• _ASSIGNMENT_: From the line with "Balmain logo-embroidered cotton" to the end of the data below, restate each line word for word, both ends included, without the pictures.

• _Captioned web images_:
━━━━━━━━━━━━━━━━
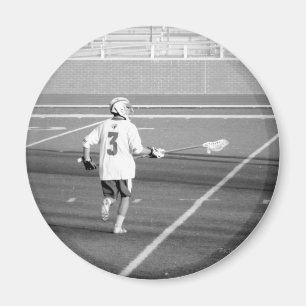 Sports Player PHOTO Lacrosse Mom Team Fan Club Fun Magnet
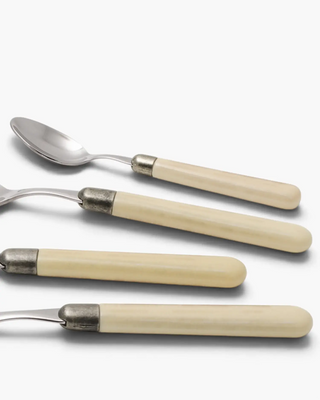 Rivadossi Sandro | Zenzero polished stainless steel cutlery set with PBT handle and antique finish ring - Buy now on ShopDecor - Discover the best products by RIVADOSSI SANDRO design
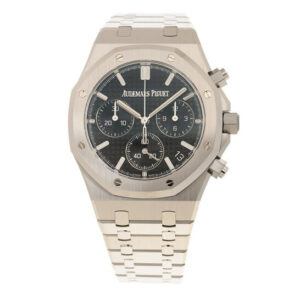 Royal Oak"50th Anniversary" Chronograph Automatic Black Dial Men's Watch
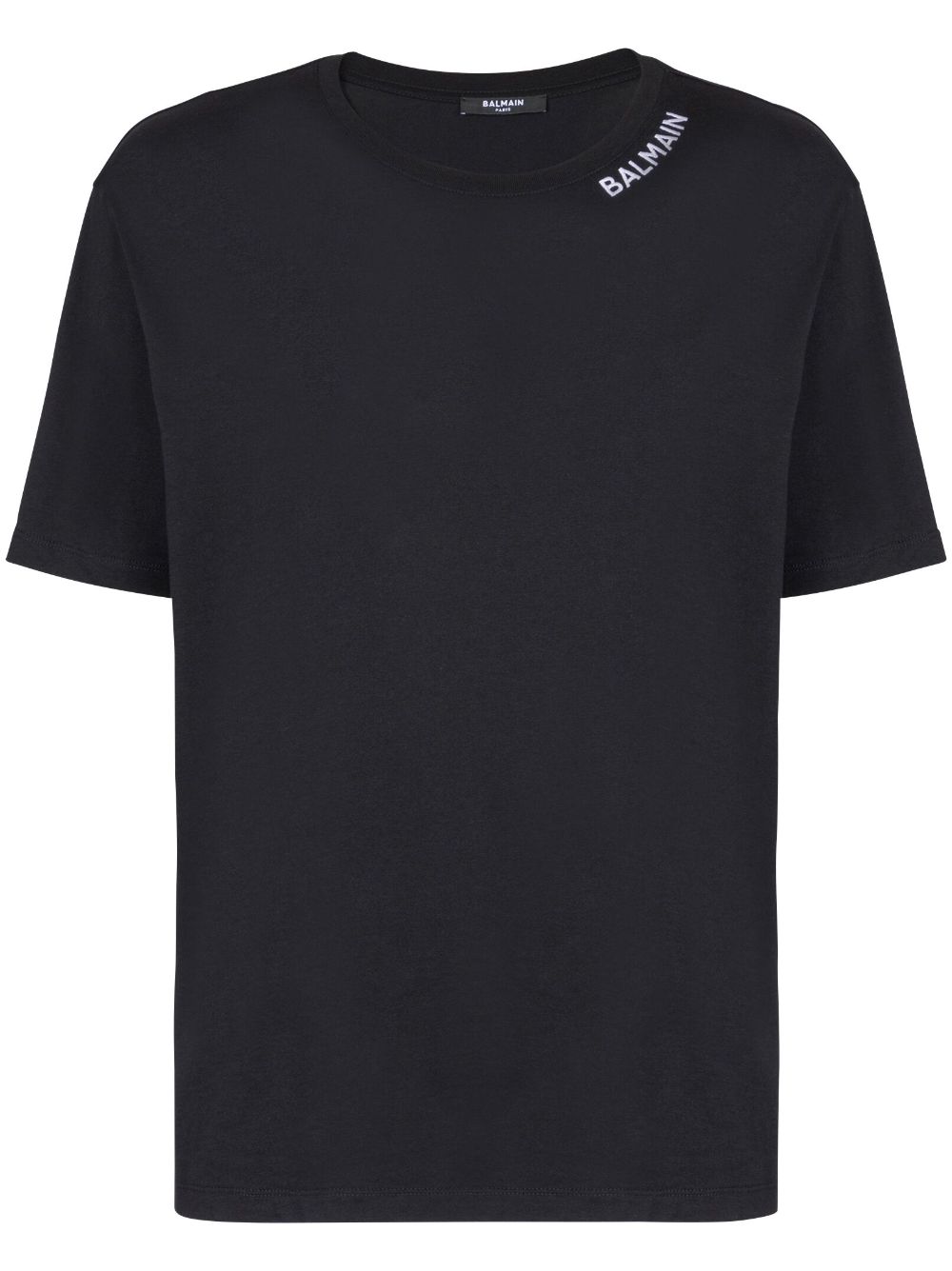 Balmain logo-embroidered cotton T-shirt - Black von Balmain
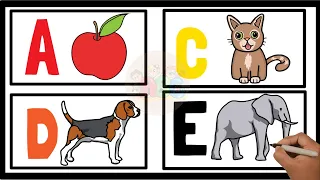 ABCD in English | Alphabet song | Read and Write The Alphabet | Learn English | a to z | drawing abc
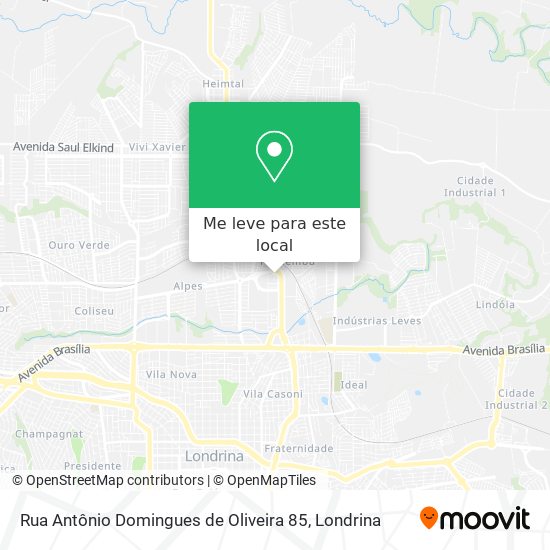 Rua Antônio Domingues de Oliveira 85 mapa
━━━━━━━━━━━━━━━━
• _RESULT OF THE TASK_:
 Balmain logo-embroidered cotton T-shirt - Black von Balmain
 ABCD in English | Alphabet song | Read and Write The Alphabet | Learn English | a to z | drawing abc
 Rua Antônio Domingues de Oliveira 85 mapa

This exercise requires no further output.